No effect of prolonged corticosterone over-exposure on NCAM, SGK1, and RGS4 mRNA expression in rat hippocampus.

Prolonged over-exposure of rats to corticosterone attenuates 5-HT(1A)-receptor-mediated responses in hippocampal CA1 cells through an unknown mechanism, not involving downregulation of 5-HT(1A) receptor expression. We here tested if corticosterone changes 5-HT(1A) receptor function indirectly, by altering hippocampal mRNA expression of NCAM, SGK1, or RGS4, which all modulate 5-HT(1A) receptor function. We found that the expression of none of these candidates was affected by corticosterone treatment.

Dissociation between rat hippocampal CA1 and dentate gyrus cells in their response to corticosterone: effects on calcium channel protein and current.

Stress and corticosterone affect, via glucocorticoid receptors, cellular physiology in the rodent brain. A well-documented example concerns corticosteroid effects on high-voltage activated (L type) calcium currents in the hippocampal CA1 area. We tested whether corticosterone also affects calcium currents in another hippocampal area that highly expresses glucocorticoid receptors, i.e. the dentate gyrus (DG). Remarkably, corticosterone (100 nm, given for 20 min, 1-4.5 hr before recording) did not change high-voltage activated calcium currents in the DG, whereas currents in the CA1 area of the same rats were increased. Follow-up studies revealed that no apparent dissociation between the two areas was observed with respect to transcriptional regulation of calcium channel subunits; thus, in both areas corticosterone increased mRNA levels of the calcium channel-beta4 but not the (alpha) Ca(v)1.2 subunit. At the protein level, however, beta4 and Ca(v)1.2 levels were significantly up-regulated by corticosterone in the CA1 but not the DG area. These data suggest that stress-induced elevations in the level of corticosterone result in a regionally differentiated physiological response that is not simply determined by the glucocorticoid receptor distribution and that the observed regional differentiation may be caused by a gene involved in the translational machinery or in mechanisms regulating mRNA or protein stability.
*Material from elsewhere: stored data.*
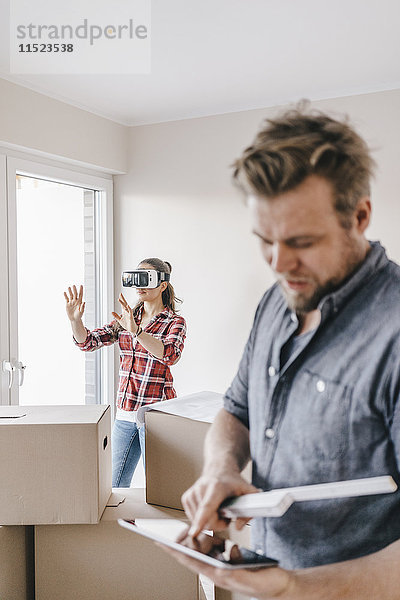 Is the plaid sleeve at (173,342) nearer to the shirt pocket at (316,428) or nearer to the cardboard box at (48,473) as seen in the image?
the cardboard box at (48,473)

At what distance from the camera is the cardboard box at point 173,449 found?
150 cm

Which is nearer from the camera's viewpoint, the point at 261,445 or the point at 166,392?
the point at 261,445

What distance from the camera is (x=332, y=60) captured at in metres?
2.55

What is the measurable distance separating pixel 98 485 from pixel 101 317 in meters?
2.25

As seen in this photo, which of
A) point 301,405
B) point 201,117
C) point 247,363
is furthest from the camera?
point 201,117

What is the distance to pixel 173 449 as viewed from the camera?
1.53 metres

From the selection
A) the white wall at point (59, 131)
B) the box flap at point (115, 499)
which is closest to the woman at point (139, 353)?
the white wall at point (59, 131)

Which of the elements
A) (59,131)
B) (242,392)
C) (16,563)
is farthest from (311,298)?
(59,131)

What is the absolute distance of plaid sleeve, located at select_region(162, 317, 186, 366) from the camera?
2633 millimetres

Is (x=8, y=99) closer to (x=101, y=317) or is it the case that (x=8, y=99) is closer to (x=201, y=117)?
(x=201, y=117)

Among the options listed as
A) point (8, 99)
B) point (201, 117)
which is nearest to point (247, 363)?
point (8, 99)

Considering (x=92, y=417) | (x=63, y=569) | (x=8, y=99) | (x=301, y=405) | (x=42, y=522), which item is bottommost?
(x=63, y=569)

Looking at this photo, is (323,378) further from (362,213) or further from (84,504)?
(84,504)

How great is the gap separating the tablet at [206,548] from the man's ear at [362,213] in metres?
0.48
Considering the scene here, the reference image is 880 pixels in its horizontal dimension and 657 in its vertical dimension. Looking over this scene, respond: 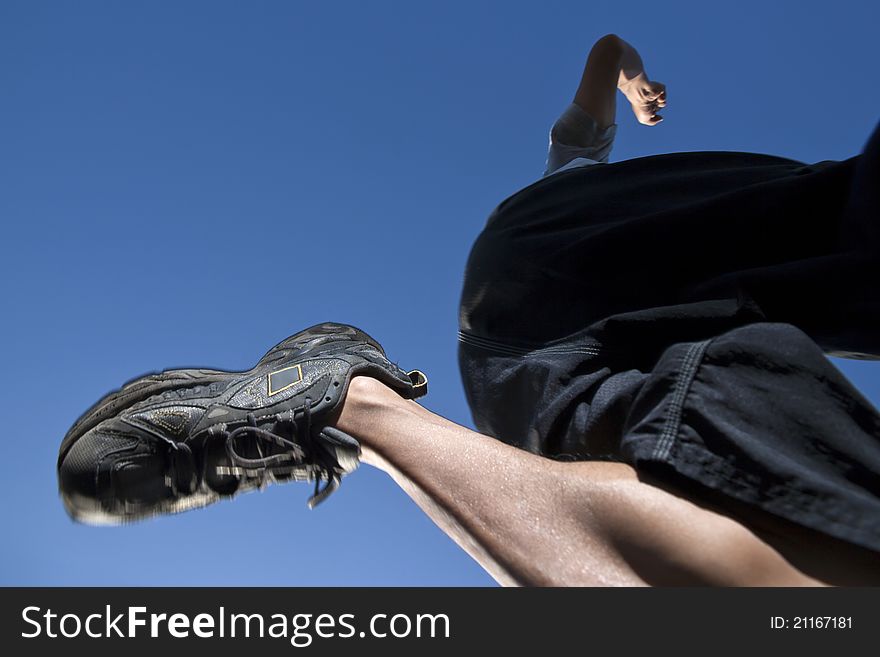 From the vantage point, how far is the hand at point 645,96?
5.61ft

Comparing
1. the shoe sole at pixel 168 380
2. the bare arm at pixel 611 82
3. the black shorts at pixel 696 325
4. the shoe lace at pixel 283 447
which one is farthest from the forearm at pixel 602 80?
the shoe lace at pixel 283 447

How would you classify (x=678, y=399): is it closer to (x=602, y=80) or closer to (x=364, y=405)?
(x=364, y=405)

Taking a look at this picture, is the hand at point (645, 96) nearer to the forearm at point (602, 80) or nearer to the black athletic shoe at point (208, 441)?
the forearm at point (602, 80)

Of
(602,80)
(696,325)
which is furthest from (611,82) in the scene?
(696,325)

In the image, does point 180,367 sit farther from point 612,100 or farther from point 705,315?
point 612,100

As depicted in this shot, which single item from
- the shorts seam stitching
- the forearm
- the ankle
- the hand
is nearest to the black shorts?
the shorts seam stitching

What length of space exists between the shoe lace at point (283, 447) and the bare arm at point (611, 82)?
40.6 inches

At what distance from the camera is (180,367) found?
1.26m

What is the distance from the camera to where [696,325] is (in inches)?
34.0

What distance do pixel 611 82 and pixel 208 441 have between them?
4.09 feet

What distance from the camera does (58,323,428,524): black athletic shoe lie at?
3.44ft

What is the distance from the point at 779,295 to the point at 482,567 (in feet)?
1.70

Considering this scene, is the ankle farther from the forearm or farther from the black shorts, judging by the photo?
the forearm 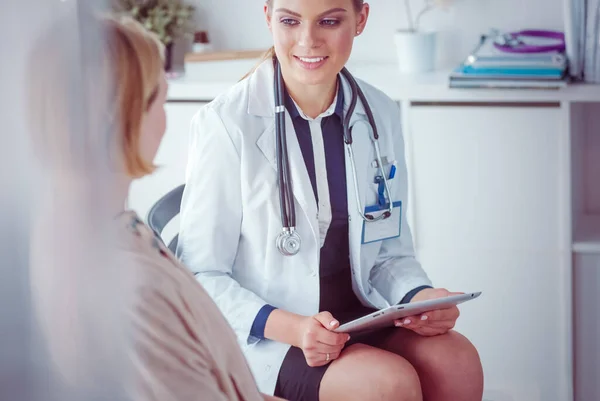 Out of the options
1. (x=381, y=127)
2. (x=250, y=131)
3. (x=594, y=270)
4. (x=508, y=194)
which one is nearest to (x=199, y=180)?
(x=250, y=131)

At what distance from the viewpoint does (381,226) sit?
3.66 feet

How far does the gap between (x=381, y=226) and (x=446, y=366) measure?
188mm

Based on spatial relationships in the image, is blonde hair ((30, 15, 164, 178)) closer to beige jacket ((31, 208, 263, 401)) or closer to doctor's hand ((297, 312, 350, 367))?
beige jacket ((31, 208, 263, 401))

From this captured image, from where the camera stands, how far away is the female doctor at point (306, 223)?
1005 mm

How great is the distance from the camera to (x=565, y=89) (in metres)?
1.57

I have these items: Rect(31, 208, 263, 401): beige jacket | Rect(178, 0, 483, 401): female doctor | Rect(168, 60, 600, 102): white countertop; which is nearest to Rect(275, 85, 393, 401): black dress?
Rect(178, 0, 483, 401): female doctor

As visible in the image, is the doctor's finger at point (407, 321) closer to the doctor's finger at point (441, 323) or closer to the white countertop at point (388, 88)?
the doctor's finger at point (441, 323)

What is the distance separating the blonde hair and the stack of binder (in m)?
0.93

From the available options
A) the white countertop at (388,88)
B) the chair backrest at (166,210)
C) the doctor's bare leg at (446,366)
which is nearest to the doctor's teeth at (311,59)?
the chair backrest at (166,210)

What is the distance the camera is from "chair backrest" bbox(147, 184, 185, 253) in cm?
109

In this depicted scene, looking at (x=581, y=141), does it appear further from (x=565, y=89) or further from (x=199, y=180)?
(x=199, y=180)

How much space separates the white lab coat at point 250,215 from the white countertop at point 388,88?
53 centimetres

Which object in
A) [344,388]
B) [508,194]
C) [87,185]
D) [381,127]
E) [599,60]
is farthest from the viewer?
[508,194]

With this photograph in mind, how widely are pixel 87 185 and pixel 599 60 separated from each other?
1.11m
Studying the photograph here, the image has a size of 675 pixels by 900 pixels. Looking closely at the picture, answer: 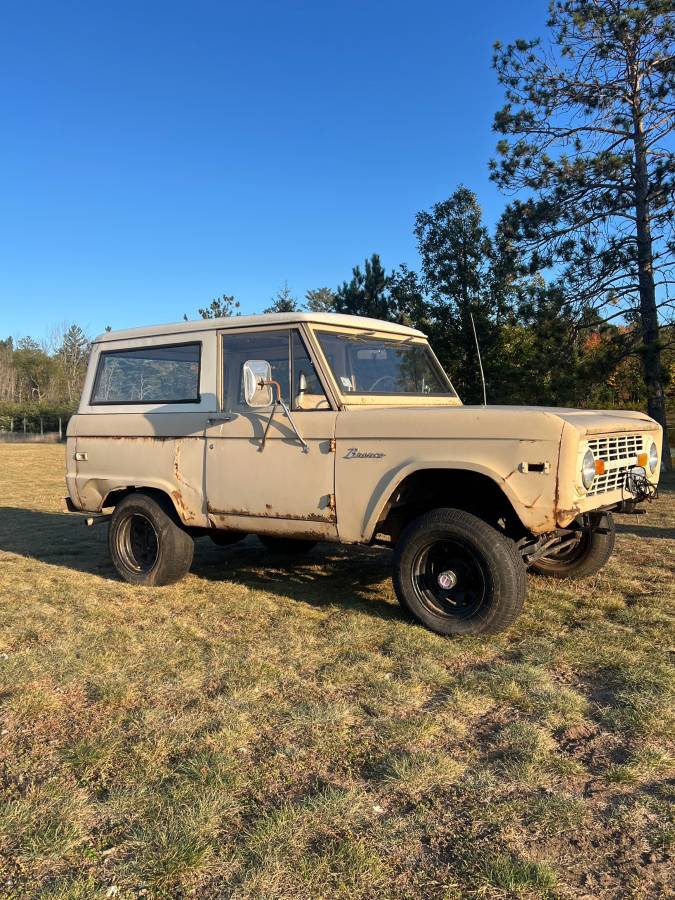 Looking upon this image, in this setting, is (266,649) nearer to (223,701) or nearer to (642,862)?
(223,701)

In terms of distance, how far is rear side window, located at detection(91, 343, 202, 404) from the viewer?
5.55 metres

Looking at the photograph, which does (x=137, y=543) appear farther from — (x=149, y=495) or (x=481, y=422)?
(x=481, y=422)

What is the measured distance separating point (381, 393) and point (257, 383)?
3.33 ft

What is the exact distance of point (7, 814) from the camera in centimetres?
249

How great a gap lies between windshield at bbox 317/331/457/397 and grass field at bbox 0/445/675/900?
5.53ft

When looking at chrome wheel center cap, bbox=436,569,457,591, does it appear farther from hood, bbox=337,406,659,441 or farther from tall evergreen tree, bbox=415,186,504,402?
tall evergreen tree, bbox=415,186,504,402

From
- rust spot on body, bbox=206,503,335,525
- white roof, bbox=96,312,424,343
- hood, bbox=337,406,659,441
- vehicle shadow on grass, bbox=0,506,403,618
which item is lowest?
vehicle shadow on grass, bbox=0,506,403,618

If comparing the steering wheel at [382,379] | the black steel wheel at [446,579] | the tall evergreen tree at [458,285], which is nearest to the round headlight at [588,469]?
the black steel wheel at [446,579]

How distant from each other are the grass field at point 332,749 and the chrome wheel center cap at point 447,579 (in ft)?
1.18

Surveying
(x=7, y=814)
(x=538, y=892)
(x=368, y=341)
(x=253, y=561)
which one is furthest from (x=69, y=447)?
(x=538, y=892)

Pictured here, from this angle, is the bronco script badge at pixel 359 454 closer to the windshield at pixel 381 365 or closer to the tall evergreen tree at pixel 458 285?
the windshield at pixel 381 365

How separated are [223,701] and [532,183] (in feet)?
47.1

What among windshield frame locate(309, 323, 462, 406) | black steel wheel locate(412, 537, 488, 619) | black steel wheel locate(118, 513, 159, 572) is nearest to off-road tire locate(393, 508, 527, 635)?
black steel wheel locate(412, 537, 488, 619)

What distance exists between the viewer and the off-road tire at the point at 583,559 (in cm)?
559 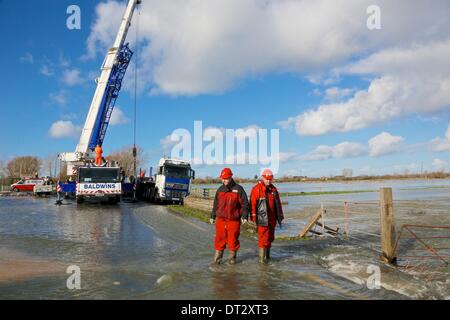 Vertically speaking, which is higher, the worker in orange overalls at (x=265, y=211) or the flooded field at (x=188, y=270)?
the worker in orange overalls at (x=265, y=211)

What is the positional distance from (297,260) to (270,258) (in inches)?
22.7

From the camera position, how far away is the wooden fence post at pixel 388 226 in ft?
28.3

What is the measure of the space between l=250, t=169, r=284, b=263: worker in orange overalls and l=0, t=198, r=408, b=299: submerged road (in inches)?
16.5

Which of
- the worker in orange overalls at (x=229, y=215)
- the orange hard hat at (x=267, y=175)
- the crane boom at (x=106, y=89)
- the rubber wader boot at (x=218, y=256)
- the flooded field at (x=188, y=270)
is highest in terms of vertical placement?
the crane boom at (x=106, y=89)

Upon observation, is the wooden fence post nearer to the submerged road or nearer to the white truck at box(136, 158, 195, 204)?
the submerged road

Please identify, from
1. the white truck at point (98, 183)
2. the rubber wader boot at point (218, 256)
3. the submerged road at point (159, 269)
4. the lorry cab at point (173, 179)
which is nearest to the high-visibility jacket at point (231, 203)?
the rubber wader boot at point (218, 256)

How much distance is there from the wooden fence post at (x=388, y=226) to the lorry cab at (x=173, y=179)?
69.0 feet

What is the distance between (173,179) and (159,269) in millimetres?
21580

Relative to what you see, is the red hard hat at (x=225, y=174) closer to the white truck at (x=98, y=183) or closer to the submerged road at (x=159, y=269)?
the submerged road at (x=159, y=269)

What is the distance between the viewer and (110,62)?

Effect of brief corticosterone administration on SGK1 and RGS4 mRNA expression in rat hippocampus.

Acute stress and corticosterone enhance 5-HT1A receptor-mediated responses in rat hippocampal CA1 cells within 1-2 h, through a process involving transcriptional regulation of unknown genes. Earlier studies showed that regulation of the 5-HT1A receptor gene cannot explain the functional effects. We here tested the hypothesis that corticosterone targets genes encoding RGS4 or SGK1, which can both affect the 5-HT1A receptor associated Kir channel, thus affecting 5-HT1A receptor function. To this end, the effect of a single corticosterone injection on hippocampal expression of RGS4 and SGK1 mRNAs, measured by in situ hybridization, was studied. Expression of RGS4 or SGK1 mRNA was not affected by the corticosterone injection, neither in the CA1 area nor in other hippocampal subregions. Strikingly, SGK1 mRNA expression was strongly up-regulated in the corpus callosum. We reject, however, the hypothesis that the effect of corticosterone on 5-HT1A responsiveness is mediated via altered RGS4 or SGK1 mRNA expression.

Effect of early life stress on serotonin responses in the hippocampus of young adult rats.

In this study, we investigated the effects of early life stress on several aspects of serotonin (5-HT) transmission in hippocampus, later on in life. Three-day-old rats were subjected to 24-hour maternal deprivation or control treatment. Maternal deprivation is known to activate the hypothalamo-pituitary-adrenal axis, resulting in increased corticosterone levels at a time-point in life when the axis is particularly insensitive to most stressful stimuli. When these animals had matured to 3 months of age, functional responses to 5-HT as well as 5-HT1A-receptor mRNA expression were examined. Also, indices for hypothalamo-pituitary-adrenal function were studied in the adult state, including hippocampal mRNA expression for the mineralocorticoid and the glucocorticoid receptor. Resting membrane potential of CA1 pyramidal neurons was significantly depolarized in animals earlier subjected to maternal deprivation compared to the controls. Despite this depolarized resting potential, hyperpolarizing responses induced by 5-HT in CA1 pyramidal neurons from deprived compared to non-deprived rats were attenuated. This attenuation in 5-HT response was not accompanied by changes in mRNA expression of the 5-HT1A-receptor. Maternal deprivation was not found to change any of the neuroendocrine parameters investigated once animals had matured. We conclude that maternal deprivation can alter specific aspects of hippocampal 5-HT transmission later on in life, possibly by post-translational modification of the 5-HT1A-receptor or changes in the 5-HT1A-receptor signal transduction pathway.